Find the line that contains "Finished walk-in shower" in the entries below. Write out that line and all that follow it, unchanged and alone.
___ Dataset records ___
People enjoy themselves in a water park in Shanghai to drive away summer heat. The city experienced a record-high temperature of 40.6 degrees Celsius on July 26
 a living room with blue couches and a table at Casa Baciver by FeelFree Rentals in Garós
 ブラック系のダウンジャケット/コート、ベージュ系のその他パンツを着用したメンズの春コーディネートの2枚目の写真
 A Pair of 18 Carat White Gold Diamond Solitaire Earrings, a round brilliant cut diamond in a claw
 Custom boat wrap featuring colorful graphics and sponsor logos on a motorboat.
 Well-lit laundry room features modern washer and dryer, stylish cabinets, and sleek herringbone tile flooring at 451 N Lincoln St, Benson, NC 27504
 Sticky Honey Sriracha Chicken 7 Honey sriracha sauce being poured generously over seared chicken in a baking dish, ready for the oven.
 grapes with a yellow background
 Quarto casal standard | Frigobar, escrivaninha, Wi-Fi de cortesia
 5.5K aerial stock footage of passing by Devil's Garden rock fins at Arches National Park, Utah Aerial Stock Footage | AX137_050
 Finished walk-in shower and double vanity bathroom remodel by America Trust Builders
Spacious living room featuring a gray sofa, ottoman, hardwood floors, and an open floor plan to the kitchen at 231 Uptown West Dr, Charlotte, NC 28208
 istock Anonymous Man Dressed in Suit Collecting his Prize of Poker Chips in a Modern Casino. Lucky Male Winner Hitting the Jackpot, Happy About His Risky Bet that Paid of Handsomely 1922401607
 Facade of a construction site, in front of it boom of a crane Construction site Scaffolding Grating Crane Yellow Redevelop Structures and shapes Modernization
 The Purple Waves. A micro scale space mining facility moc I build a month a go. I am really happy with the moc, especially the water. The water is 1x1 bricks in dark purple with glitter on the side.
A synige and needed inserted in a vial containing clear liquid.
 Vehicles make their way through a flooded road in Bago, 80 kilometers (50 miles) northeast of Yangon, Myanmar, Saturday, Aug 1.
___
Output for this task:
 Finished walk-in shower and double vanity bathroom remodel by America Trust Builders
Spacious living room featuring a gray sofa, ottoman, hardwood floors, and an open floor plan to the kitchen at 231 Uptown West Dr, Charlotte, NC 28208
 istock Anonymous Man Dressed in Suit Collecting his Prize of Poker Chips in a Modern Casino. Lucky Male Winner Hitting the Jackpot, Happy About His Risky Bet that Paid of Handsomely 1922401607
 Facade of a construction site, in front of it boom of a crane Construction site Scaffolding Grating Crane Yellow Redevelop Structures and shapes Modernization
 The Purple Waves. A micro scale space mining facility moc I build a month a go. I am really happy with the moc, especially the water. The water is 1x1 bricks in dark purple with glitter on the side.
A synige and needed inserted in a vial containing clear liquid.
 Vehicles make their way through a flooded road in Bago, 80 kilometers (50 miles) northeast of Yangon, Myanmar, Saturday, Aug 1.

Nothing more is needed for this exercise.